Le comportement, à l’issue de Yom Kippour

     Quand il rentrait à la maison, à l’issue de Yom Kippour, mon mari ne pouvait pas réintégrer immédiatement le monde profane. C’est l’attitude qu’il avait toujours adoptée, d’ores et déjà en la période durant laquelle la vie juive était large, puis, encore par la suite, lorsqu’il était devenu pratiquement impossible de vivre de cette façon et que chacun adoptait ces comportements uniquement dans son domaine propre.

     Quand il arrivait à la maison, à une heure assez tardive, mon mari se contentait de boire un verre de thé, puis, aussitôt, il s’asseyait et prenait part à une réunion ‘hassidique, alors qu’il portait encore son Kitel(226) et la ceinture de prière du Tséma’h Tsédek(227). Celle-ci se prolongeait ensuite jusqu’à deux ou trois heures du matin.

     Ceux qui étaient proches de nous savaient cela, mais, bien entendu, ils prenaient d’abord leur dîner chez eux, en compagnie des membres de leur famille.
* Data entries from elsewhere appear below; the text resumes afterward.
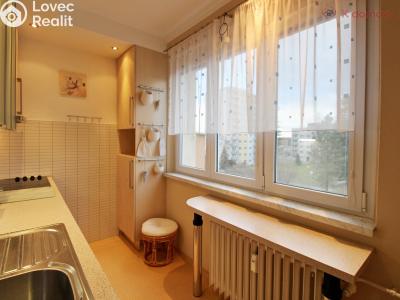 Pronájem bytu 3+1 Zlín, Mlýnská 809 č. 6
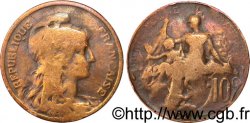 10 centimes Daniel-Dupuis 1921  F.136/30 B8 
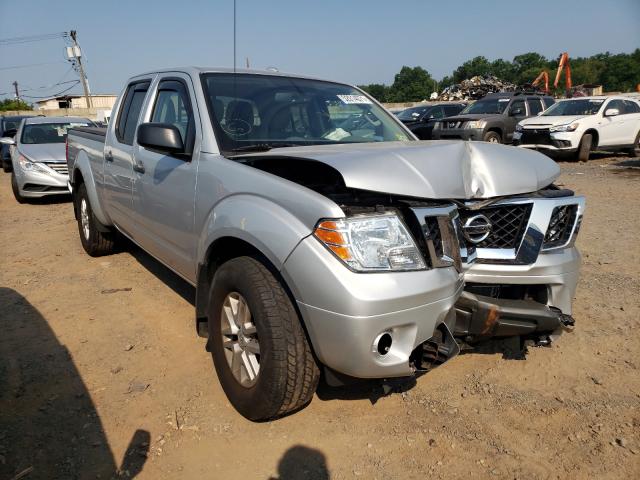 NISSAN FRONTIER S 2016 1n6ad0fv7gn729893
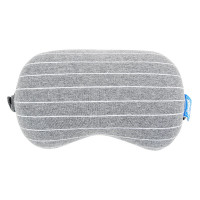 苏宁足球俱乐部居家办公旅行通用出行二合一功能眼罩颈枕骨枕 灰色
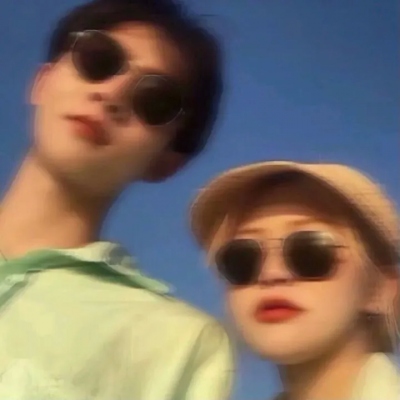 简约高端的小众情头(12张)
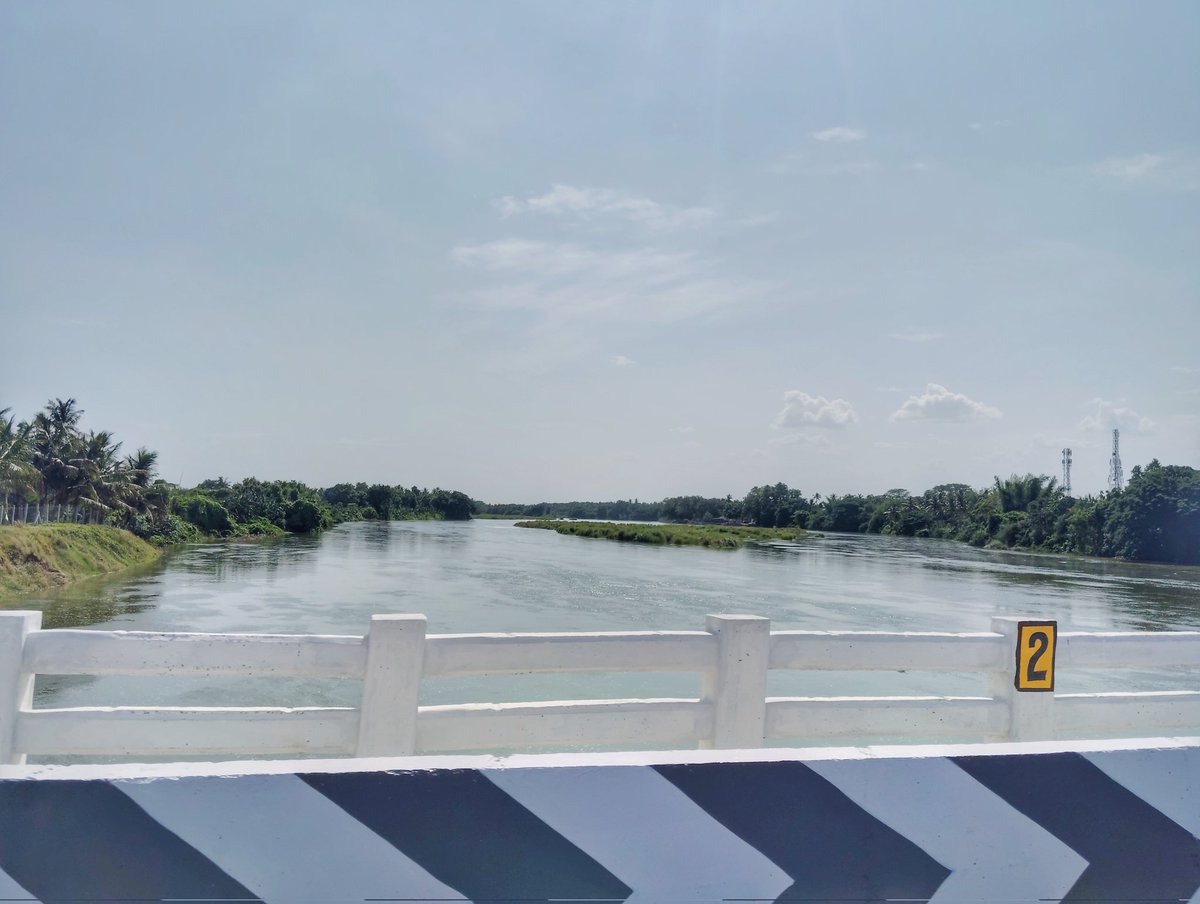 UpdatesTanjore's tweet photo. Nice drive on Thiruvaiyaru Outer Bypass Road! #NH136 🚗🛣️✨
#Thiruvaiyaru #ThanjavurRoads 💚 https://t.co/DGEHVL2FLT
C’est uniquement après cela qu’ils venaient dans notre maison. Mon mari commentait la ‘Hassidout. Il parlait toujours de la signification des prières de ce jour. Les dernières années, il soulignait la grandeur des enfants d’Israël, leur abnégation pour le Judaïsme, l’amour du prochain qui se faisait jour en ces périodes.
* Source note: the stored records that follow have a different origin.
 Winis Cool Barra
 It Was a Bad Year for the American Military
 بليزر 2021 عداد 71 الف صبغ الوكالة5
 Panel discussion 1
     Cette réunion ‘hassidique se poursuivait, par la suite, avec des danses, qui rappelaient celles de Sim’hat Torah. Il y avait toujours dix à quinze personnes qui prenaient part à de telles réunions.

Le comportement de Sim’hat Torah

     Puis, venait le jour de Sim’hat Torah. Notre grande maison nous avait été confisquée en 1929(228), lorsque la communauté de mon mari était encore assez petite. C’est donc cette communauté qui avait bâti pour nous trois petites pièces, sur un terrain appartenant à un particulier. Nous n’avions le droit de résider nulle part ailleurs. De toute la ville, chaque fois qu’il se trouvait, en quelque endroit, un Juif voulant se réjouir, à Sim’hat Torah, celui-ci venait dans notre maison.
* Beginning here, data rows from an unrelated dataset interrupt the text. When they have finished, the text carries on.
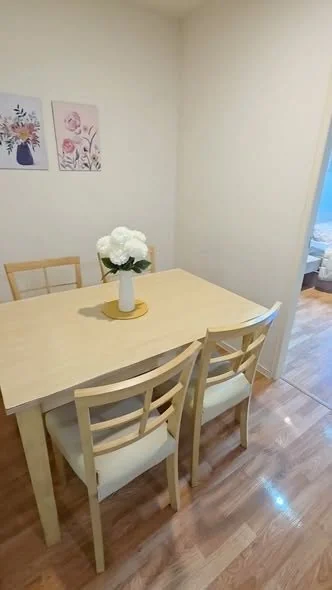 3 Bedroom condo in Baan Klang Muang Sukhumvit 77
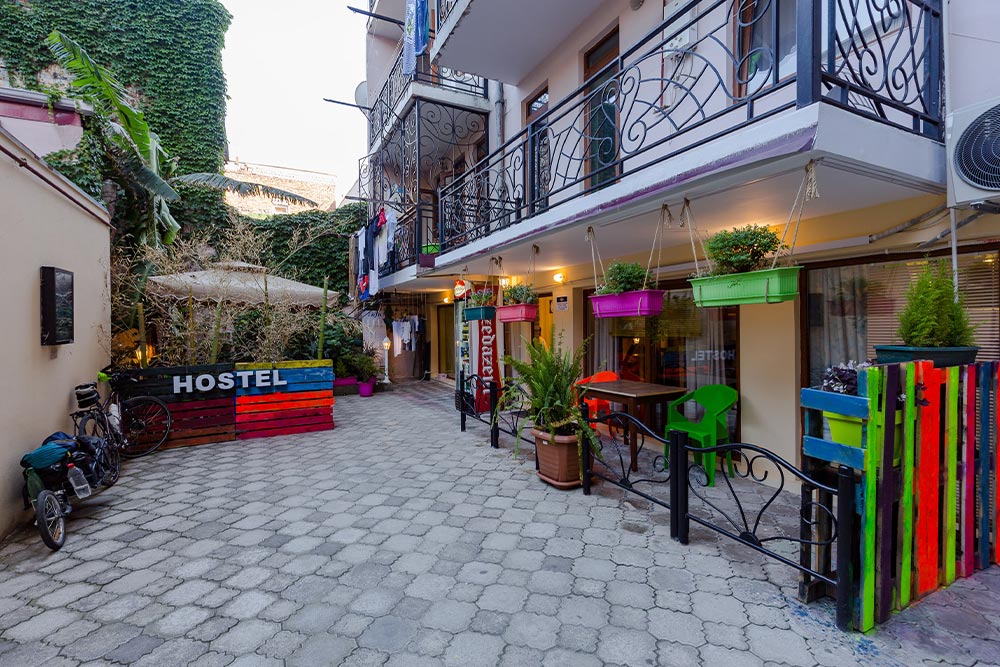 Batumi Surf Hostel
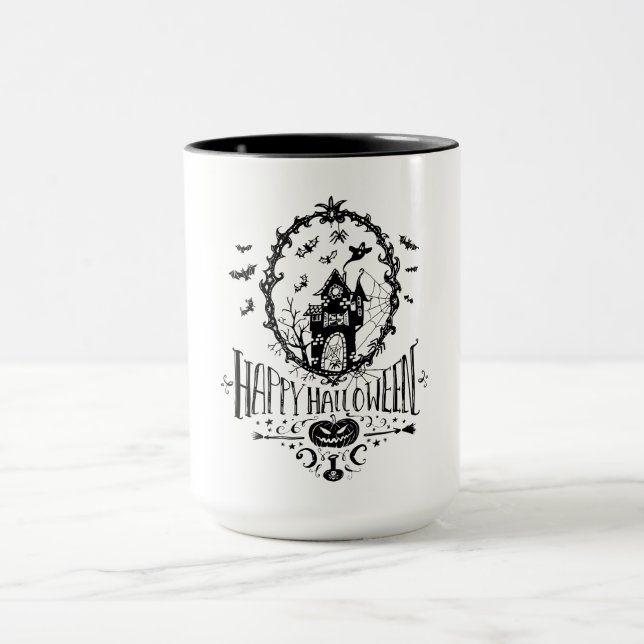 Mug Joyeux Halloween (Centre)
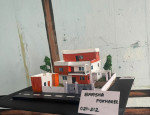 Architecture 2021 batch Student Project presentation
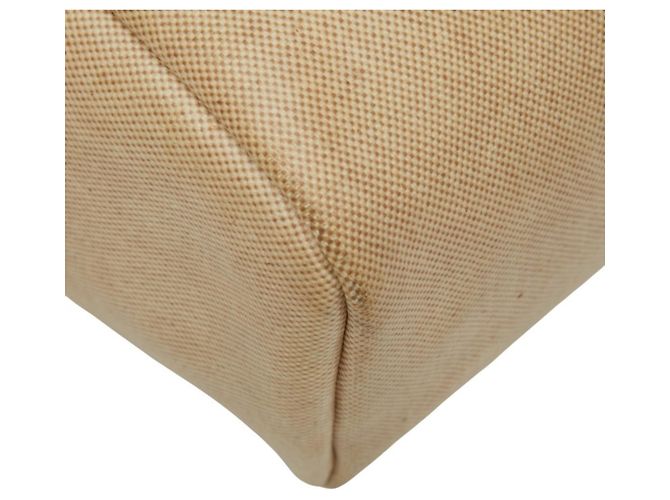 Borsa a Spalla Hermès Airbag Ad MM Marrone Beige - vista 5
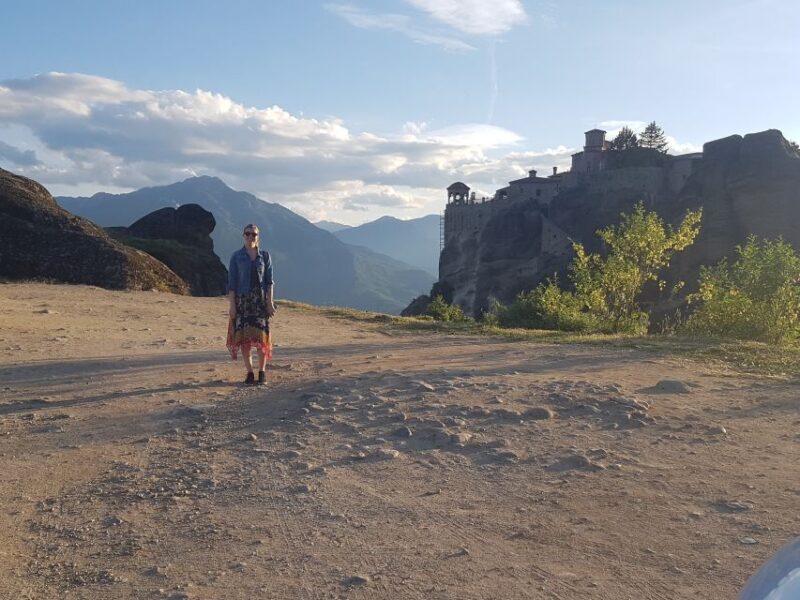 Meteora Evening Tour with Breathtaking Sunset View - Practical Details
     La nuit, quand il faisait obscur, des jeunes venaient également chez nous, en cachette. Or, notre maison était étroite. En outre, chacun de ceux qui venaient ne voulait pas que ses amis le voient se rendre chez le Rav. L’un se cachait donc à l’autre. Ils arrivaient chez nous par groupes séparés et mon mari faisait une réunion ‘hassidique, d’une manière touchante, avec chacun de ces groupes. Au cours de ces réunions, ceux qui y participaient oubliaient dans quel pays et sous quel régime ils vivaient.

     Les officiants que j’ai mentionnés ci-dessus participaient également à ces réunions ‘hassidiques. La relation de l’artiste à tout ce qui concernait la prière et le fait de se trouver avec mon mari, d’abord intéressée, devint ensuite désintéressée. Au début, en effet, il faisait tout cela pour gagner sa vie, mais, peu à peu, les prières qu’il disait commencèrent à émaner du profond de son cœur. Et, ceci eut une influence directe sur tous ceux qui venaient prier et qui en furent encouragés. Cet homme affirmait qu’il était redevable de son évolution positive uniquement au Rav.

Rencontre d’un Juif de Yekatrinoslav, à Lemberg

     Lorsque je suis partie pour l’Amérique, en 1946, j’ai passé une semaine à Lemberg, pour y faire établir certains documents. Me trouvant là-bas, j’ai séjourné dans une maison quelconque, avec quelques autres personnes de passage. Tout le processus devait rester confidentiel et il ne fallait pas que l’on ait connaissance de mon identité. Comme cela arrive bien souvent, dans la vie, le propriétaire de cette maison était un Juif de Yekatrinoslav. Je l’ai appris lorsque je me trouvais d’ores et déjà sur place.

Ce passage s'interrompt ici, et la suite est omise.